Boolean negation and non-conservativity I: Relevant modal logics

Tore Fjetland Øgaard

ABSTRACT

Many relevant logics can be conservatively extended by Boolean negation. Mares showed, however, that E is a notable exception. Mares’ proof is by and large a rather involved model-theoretic one. This paper presents a much easier proof-theoretic proof which not only covers E but also generalizes so as to also cover relevant logics with a primitive modal operator added. It is shown that from even very weak relevant logics augmented by a weak K-ish modal operator, and up to the strong relevant logic R with a S5 modal operator, all fail to be conservatively extended by Boolean negation. The proof, therefore, also covers Meyer and Mares’ proof that NRR with a primitive S4-modality added—also fails to be conservatively extended by Boolean negation.

KEYWORDS: Boolean negation, non-conservative extension, entailment, modality, relevant logics.

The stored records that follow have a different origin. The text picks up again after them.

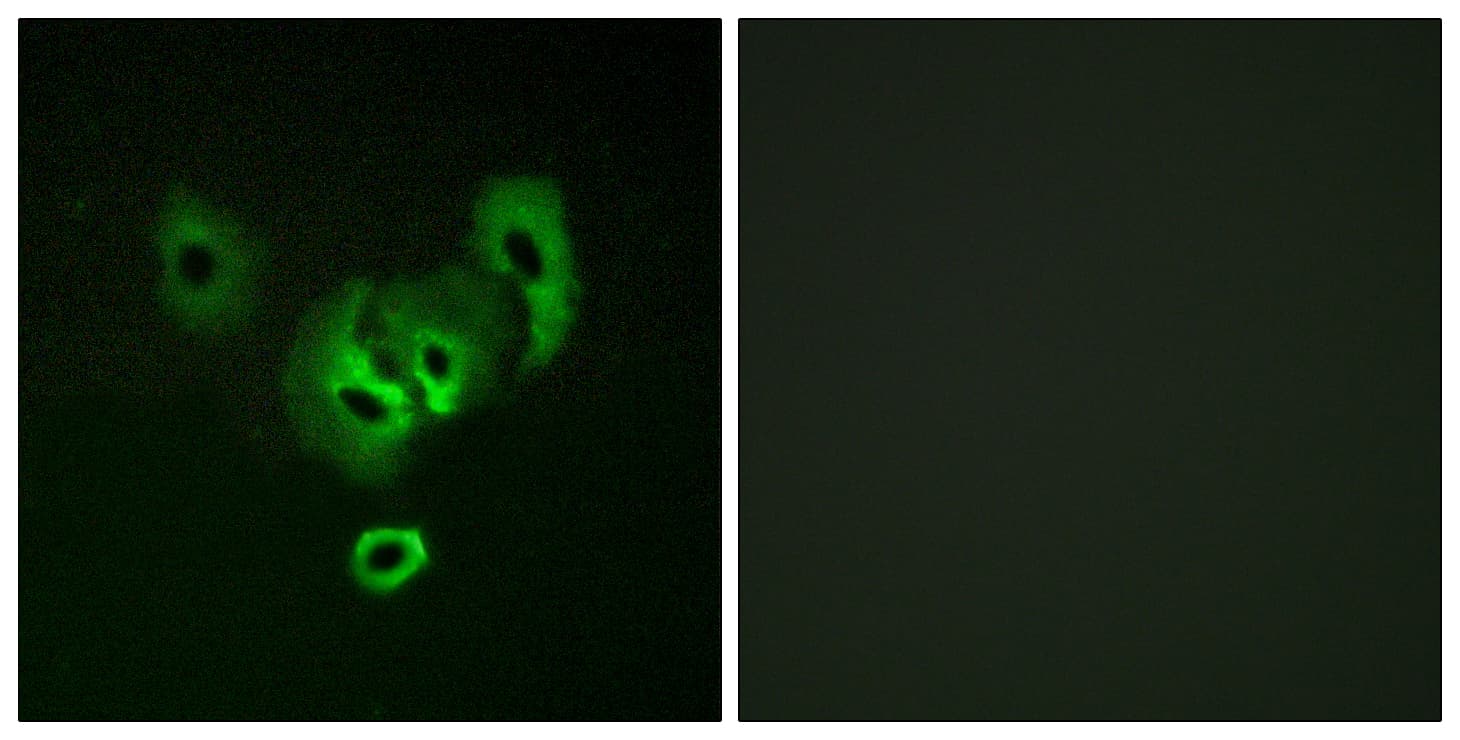 STEAP2 Antibody (aa431-480)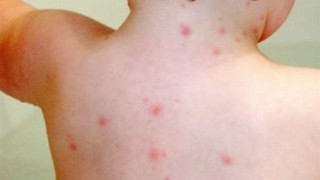 Βρέφος 11 μηνών το πρώτο θύμα της ιλαράς στην Ελλάδα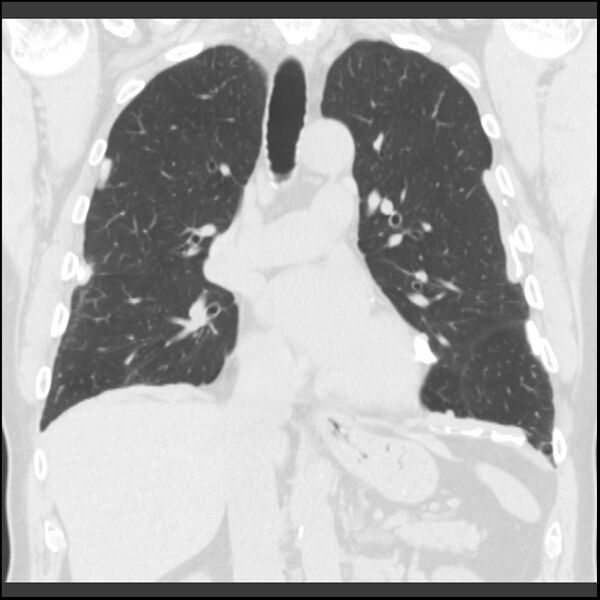 File:Asbestos-related pleural plaques (Radiopaedia 39069-41255 Coronal lung window 48).jpg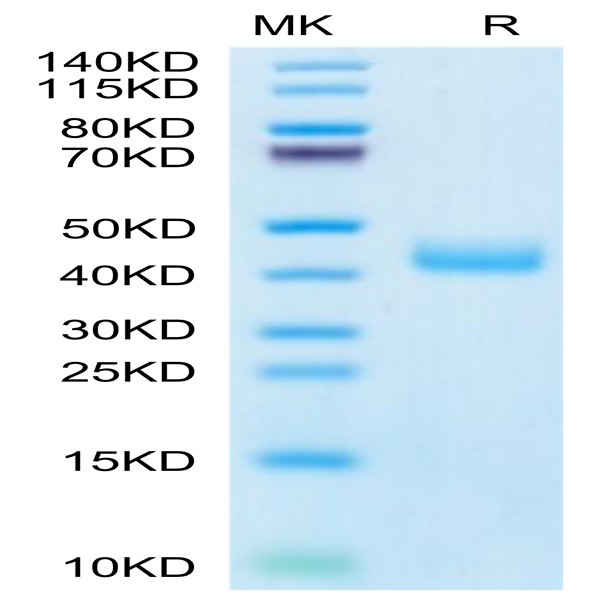 Human CCR8 Protein (CCR-HM208)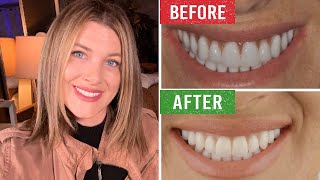 Must Watch! How My Phonares Hybrid Dentures were Designed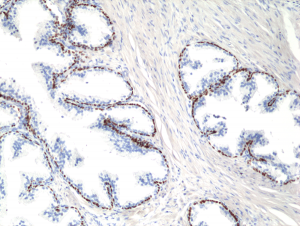 Immunohistochemical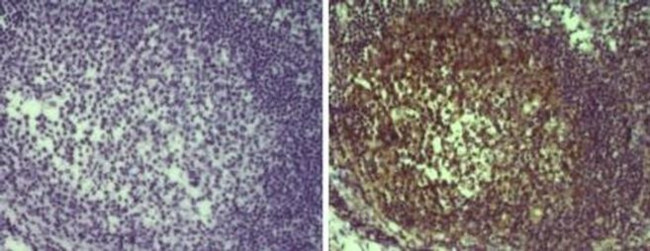 MALT1 Antibody in Immunohistochemistry (Paraffin) (IHC (P))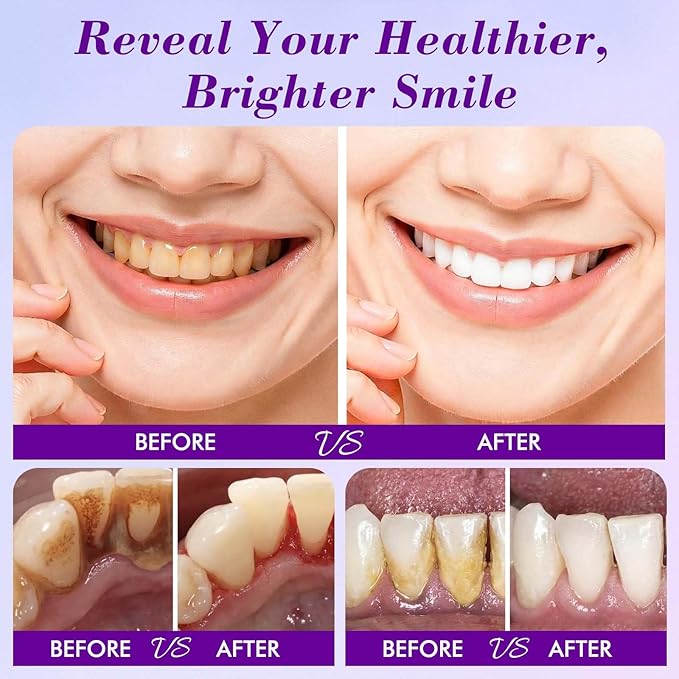 2 PCS Teeth Whitening Powder, Hydroxyapatite Remineralizing Tooth Powder with Niacinamide,R5X Advanced Purple Color Balance Immediate Results, Mint Flavor, 2 * 50 Grams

Boolean negation and non-conservativity II: The variable-sharing property

Tore Fjetland Øgaard

ABSTRACT

Many relevant logics are conservatively extended by Boolean negation. Not all, however. This paper shows an acute form of non-conservativeness, namely that the Boolean-free fragment of the Boolean extension of a relevant logic need not always satisfy the variable-sharing property. In fact, it is shown that such an extension can in fact yield classical logic. For a vast range of relevant logic, however, it is shown that the variable-sharing property, restricted to the Boolean-free fragment, still holds for the Boolean extended logic.

KEYWORDS: Boolean negation, non-conservative extension, relevant logics, variable sharing.

Boolean negation and non-conservativity III: the Ackermann constant

Tore Fjetland Øgaard

ABSTRACT

It is known that many relevant logics can be conservatively extended by the truth constant known as the Ackermann constant. It is also known that many relevant logics can be conservatively extended by Boolean negation. This essay, however, shows that a range of relevant logics with the Ackermann constant cannot be conservatively extended by a Boolean negation.

KEYWORDS: Ackermann constant, Boolean negation, non-conservative extension, relevant logics.